**YOUR TASK**
I need the entries printed again word for word, without the images.

**DATA SECTION**
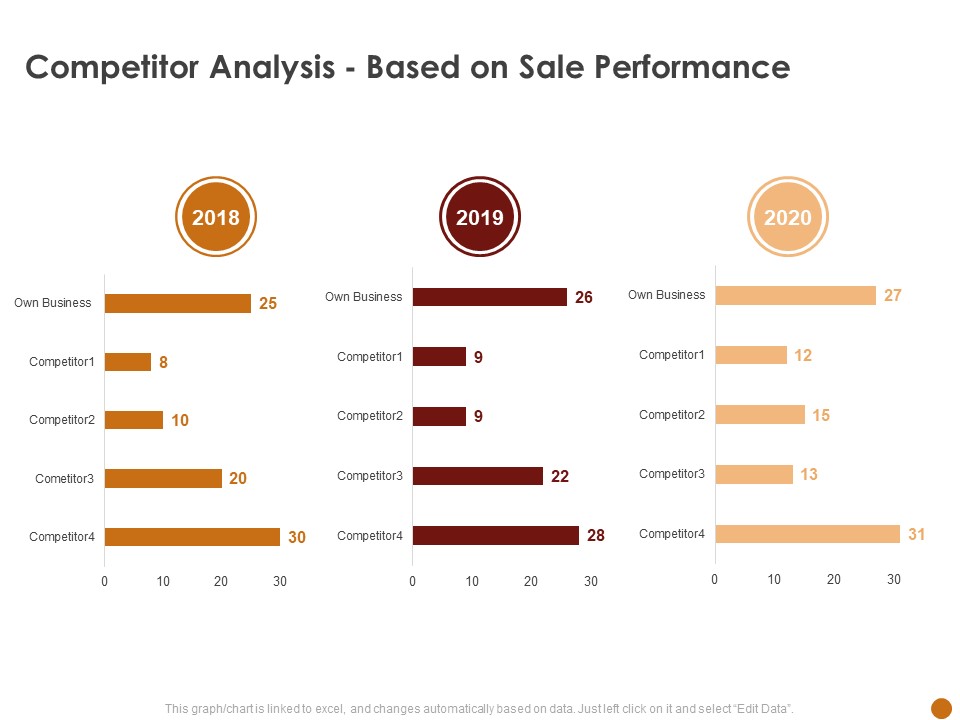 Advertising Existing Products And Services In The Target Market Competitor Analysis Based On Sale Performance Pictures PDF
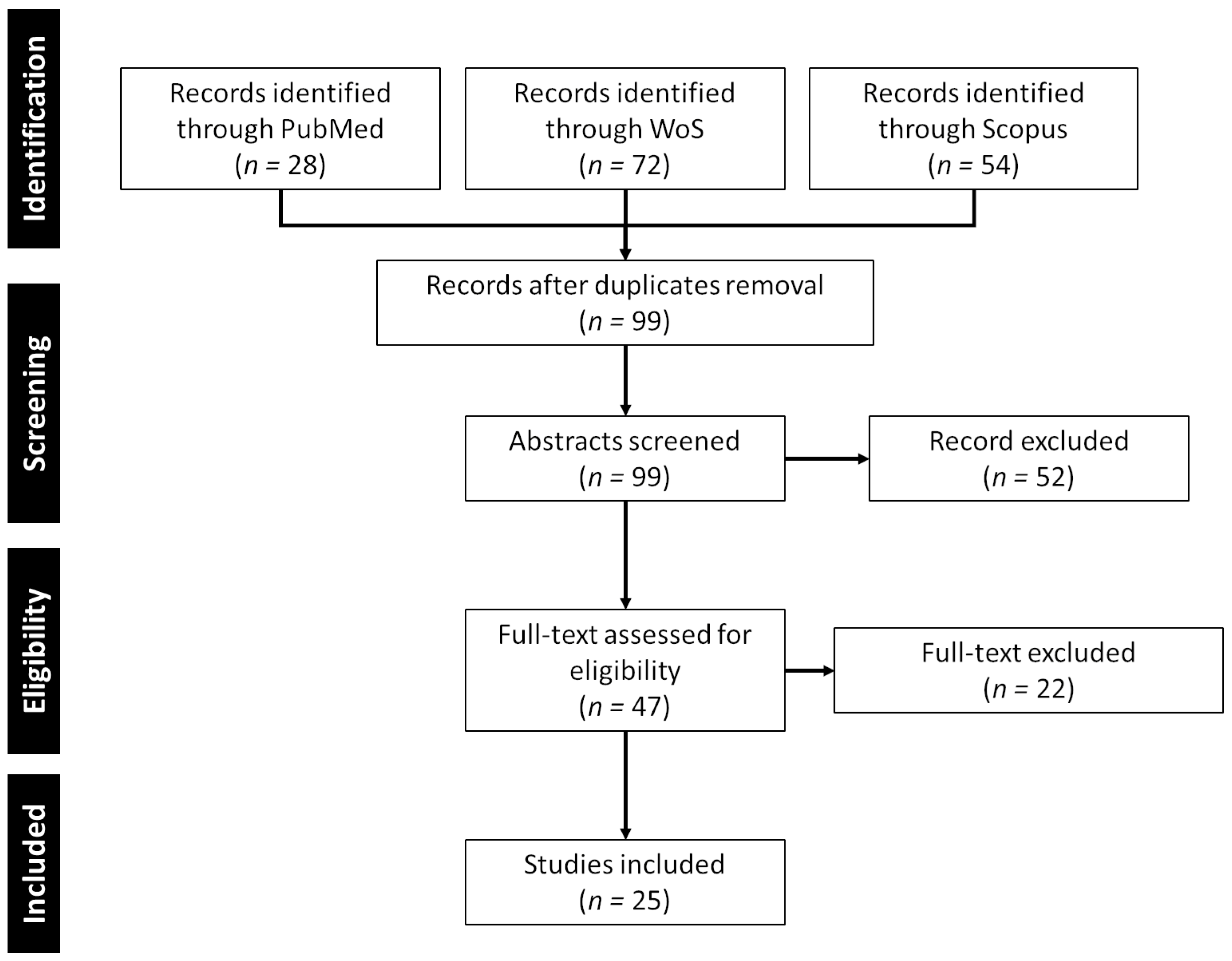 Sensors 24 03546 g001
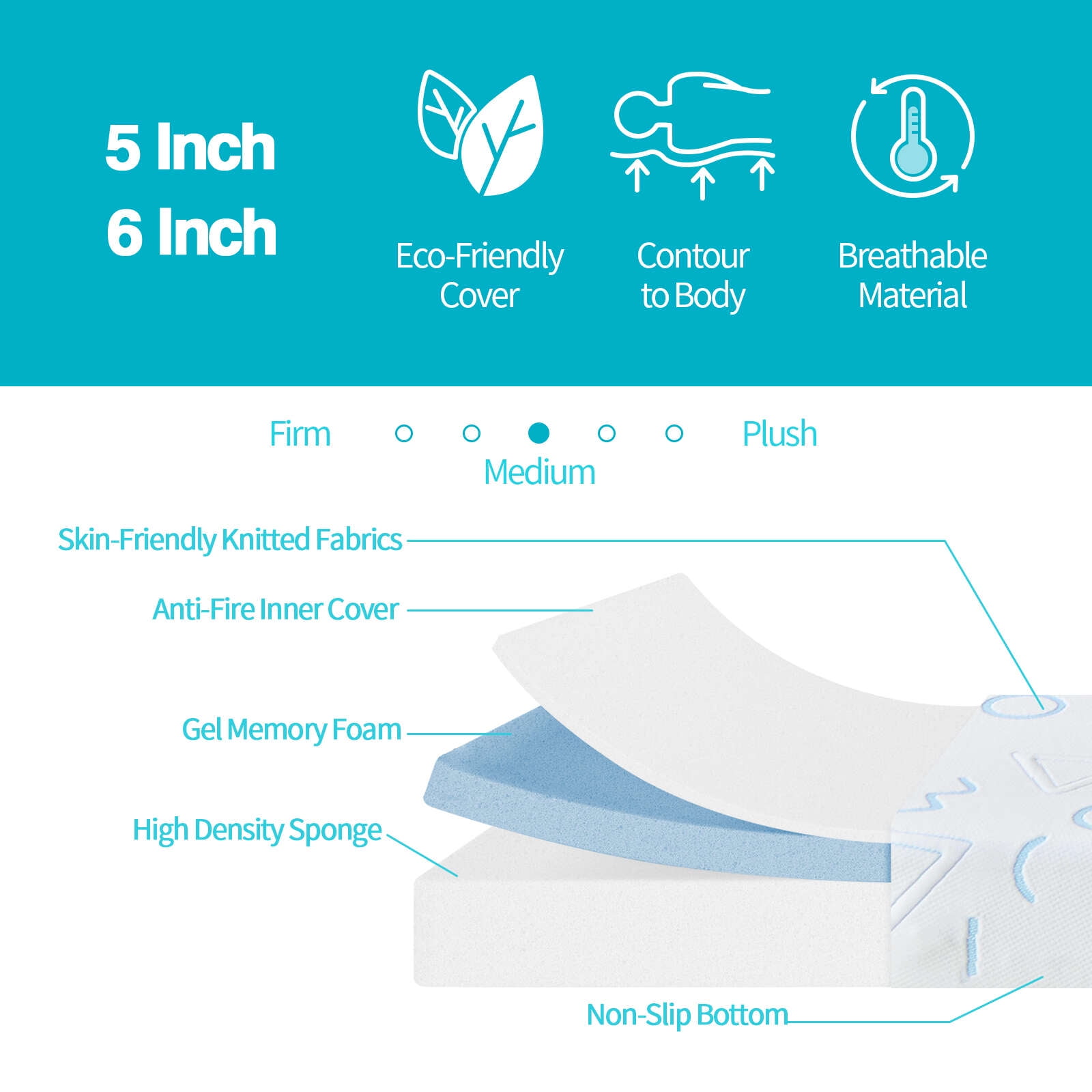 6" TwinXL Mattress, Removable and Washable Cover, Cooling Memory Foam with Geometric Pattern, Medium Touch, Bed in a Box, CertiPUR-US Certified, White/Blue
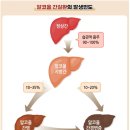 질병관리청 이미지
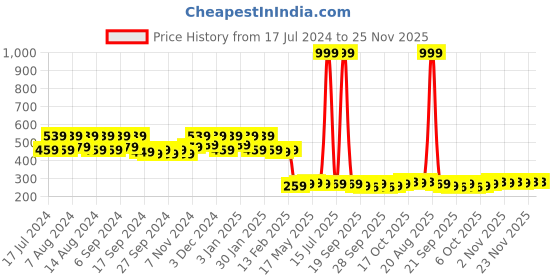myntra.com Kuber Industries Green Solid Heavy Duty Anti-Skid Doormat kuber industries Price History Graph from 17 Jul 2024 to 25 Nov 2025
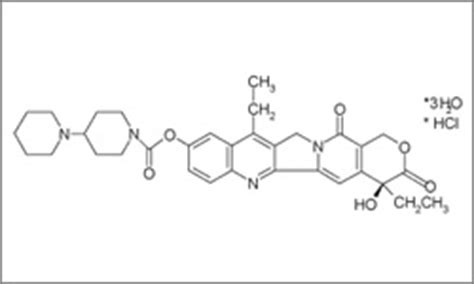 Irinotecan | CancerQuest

**RESULT OF THE EXERCISE**
 Advertising Existing Products And Services In The Target Market Competitor Analysis Based On Sale Performance Pictures PDF
 Sensors 24 03546 g001
 6" TwinXL Mattress, Removable and Washable Cover, Cooling Memory Foam with Geometric Pattern, Medium Touch, Bed in a Box, CertiPUR-US Certified, White/Blue
 질병관리청 이미지
myntra.com Kuber Industries Green Solid Heavy Duty Anti-Skid Doormat kuber industries Price History Graph from 17 Jul 2024 to 25 Nov 2025
 Irinotecan | CancerQuest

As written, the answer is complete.